Stablecoins vs. Central Bank Digital Currencies (CBDCs)
To avoid confusion, it is necessary to distinguish between fiat-backed stablecoins and Central Bank Digital Currencies (CBDCs). While they may share some similarities in technology, they are fundamentally different concepts.
J.P. Morgan’s report on the de-dollarization trend, released in October last year, pointed out that emerging technologies seeking payment autonomy are a major potential driver of de-dollarization. The report mentioned projects like mBridge, a collaboration of multiple central bank digital currencies (CBDCs), as a potential alternative to dollar transactions.
However, despite the potential pressure from foreign CBDCs and other emerging payment systems, we believe that the rapid growth of US dollar-backed stablecoin markets helps counter this trend. In our view, stablecoins issued on decentralized, permissionless blockchains will become the preferred choice in the market because they offer better privacy, censorship resistance, and cross-platform interoperability.
Driving demand for US government bonds through tokenization
According to the US Department of the Treasury, approximately $120 billion of stablecoin-backed assets are directly invested in US government bonds, further driving demand for short-term government debt.
In addition to stablecoins, the direct tokenization of US government bonds is also a rapidly growing trend. Companies like BlackRock through Securitize, Franklin Templeton, Hashnote, and Ondo, a portfolio company of Pantera, are leading this emerging $4 billion market.
Ondo’s two core products are:
USDY (US Dollar Yield Token): A tokenized note collateralized by short-term US government bonds and bank deposits, providing stable and high-quality yield for non-US investors.
OUSG (Ondo Short-Term US Government Treasuries): Provides a highly liquid investment channel for short-term US government bonds, allowing qualified investors to mint (purchase) and redeem at any time.

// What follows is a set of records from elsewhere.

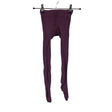 Unisex Polarn O. Pyret - Stockings, thin, size 110 - 116 - Wine red ()
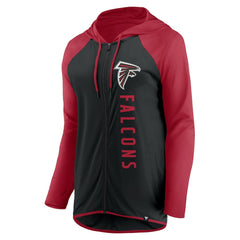 Atlanta Falcons Women's Forever Fan Full-Zip Hoodie - Black/Red sale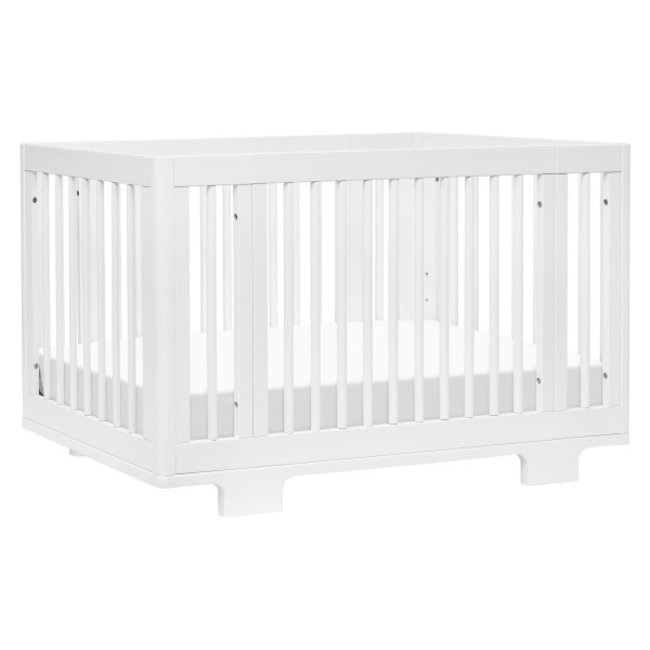 Baby Letto Yuzu 8 In 1 Convertible Crib With Toddler Rail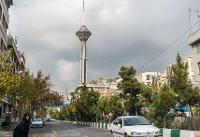 هوای تهران امروز سالم است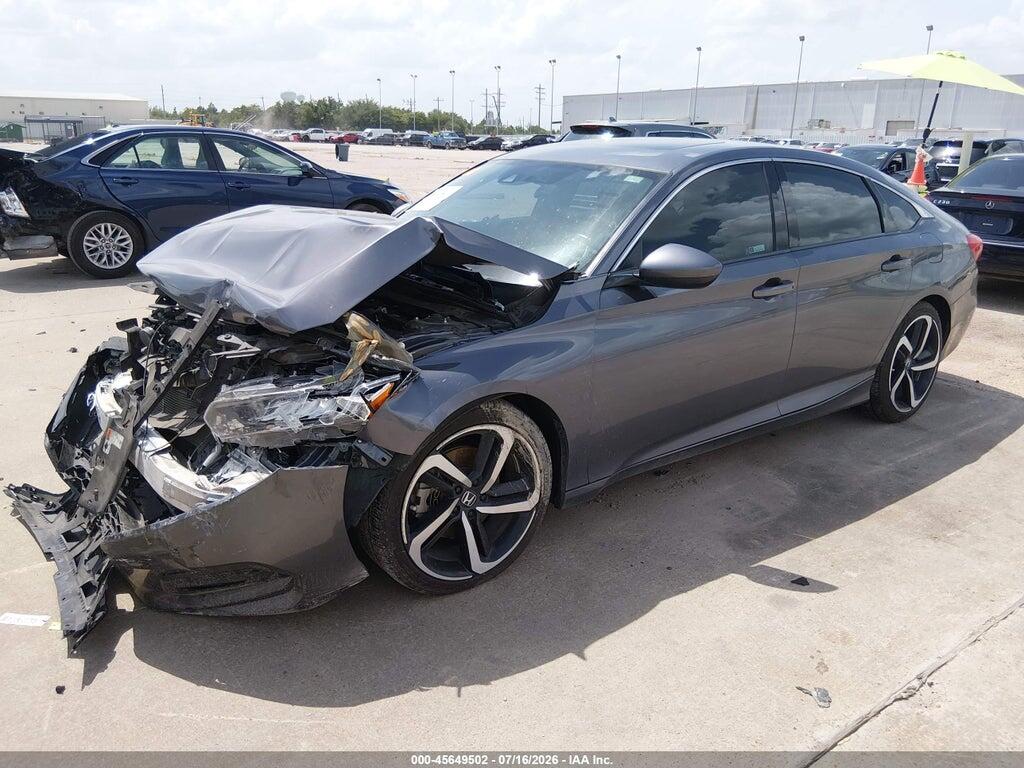 1HGCV2F38KA035296 2019 HONDA ACCORD photo no. 2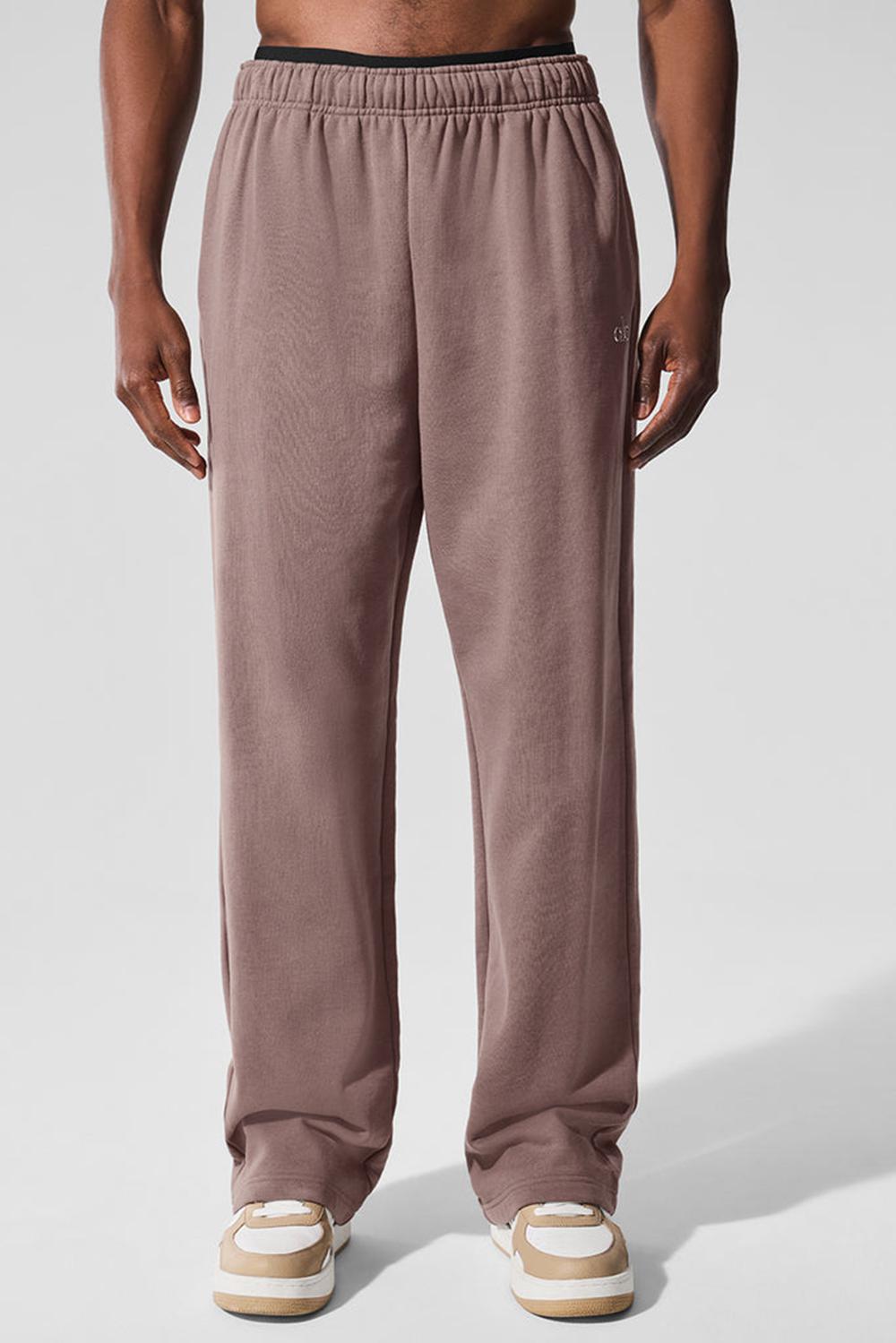 Pantalon Deportivo Alo Yoga Accolade Straight Leg Hombre Mushroom | Colombia  CAQI-26301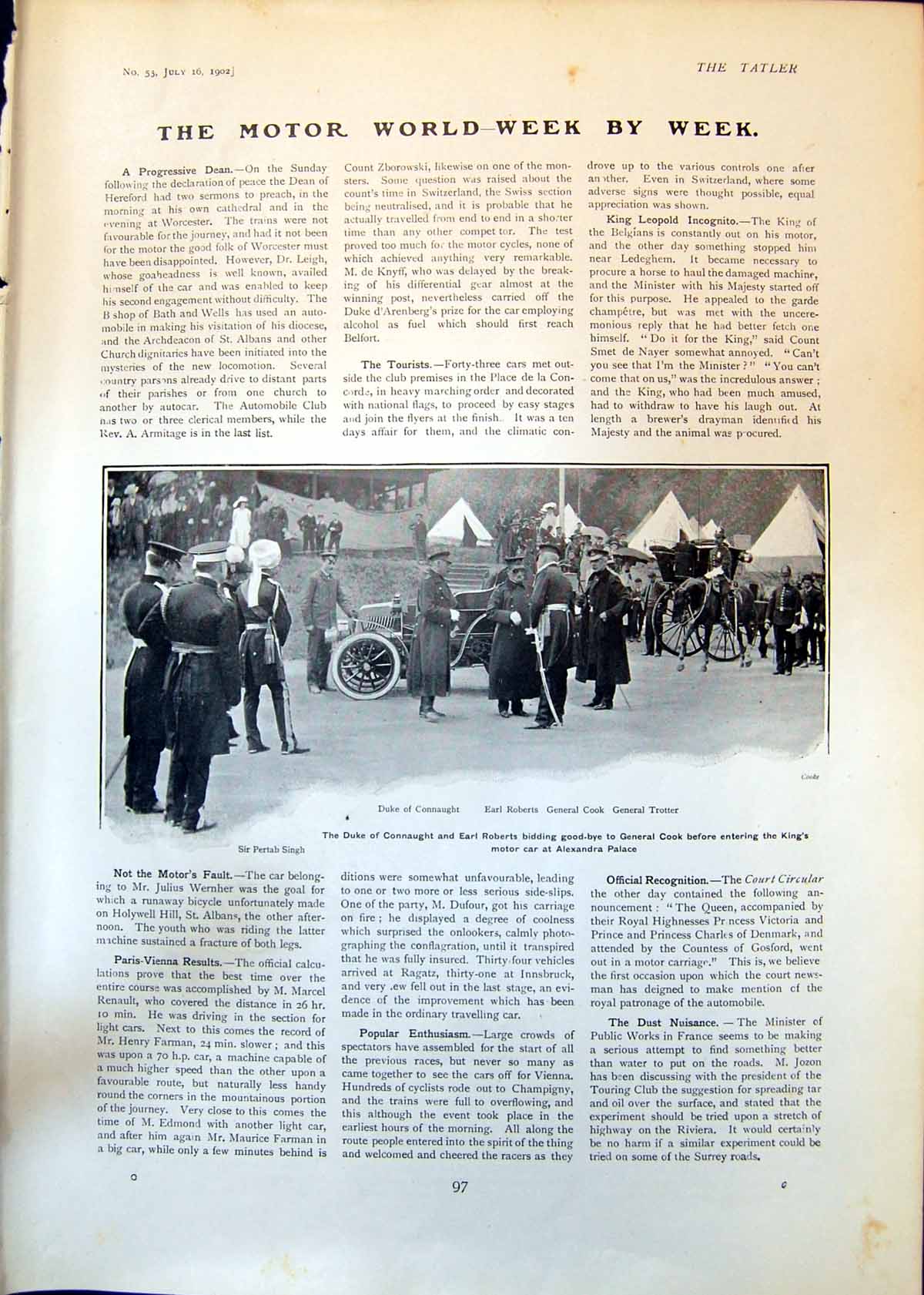 Old Duke Connaught Earl Roberts Gen Cook Gen Trotter Col Sturgess 190 Victorian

Products like USDY allow foreign investors easier access to the US dollar and US government bonds compared to traditional methods.
The new era of dollar dominance
Blockchain technology has not weakened the dominant position of the US dollar but has instead created a digital infrastructure that strengthens its influence. Through asset tokenization and global liquidity, the dollar continues to be indispensable amid the geopolitical and technological forces driving de-dollarization. As J.P. Morgan pointed out in their report, the structural factors that support the dollar’s dominance – deep capital markets, rule of law, and institutional transparency – are unmatched. Stablecoins extend these advantages to the digital and borderless realm.
The dollar, once seen as vulnerable to blockchain innovation, has now become the biggest beneficiary of this technological revolution. The “killer app” of blockchain technology is likely the dollar itself, demonstrating how technology can both drive change and further consolidate existing power structures.
With clearer regulatory frameworks and growing demand for asset tokenization, the on-chain presence of the dollar is expected to consolidate its role as a global financial cornerstone. Whether US regulators and legislators come from the Democratic Party or the Republican Party, they will recognize that any force that promotes demand for US government bonds should be embraced rather than resisted. Substantial progress in the regulation of stablecoins has become almost certain.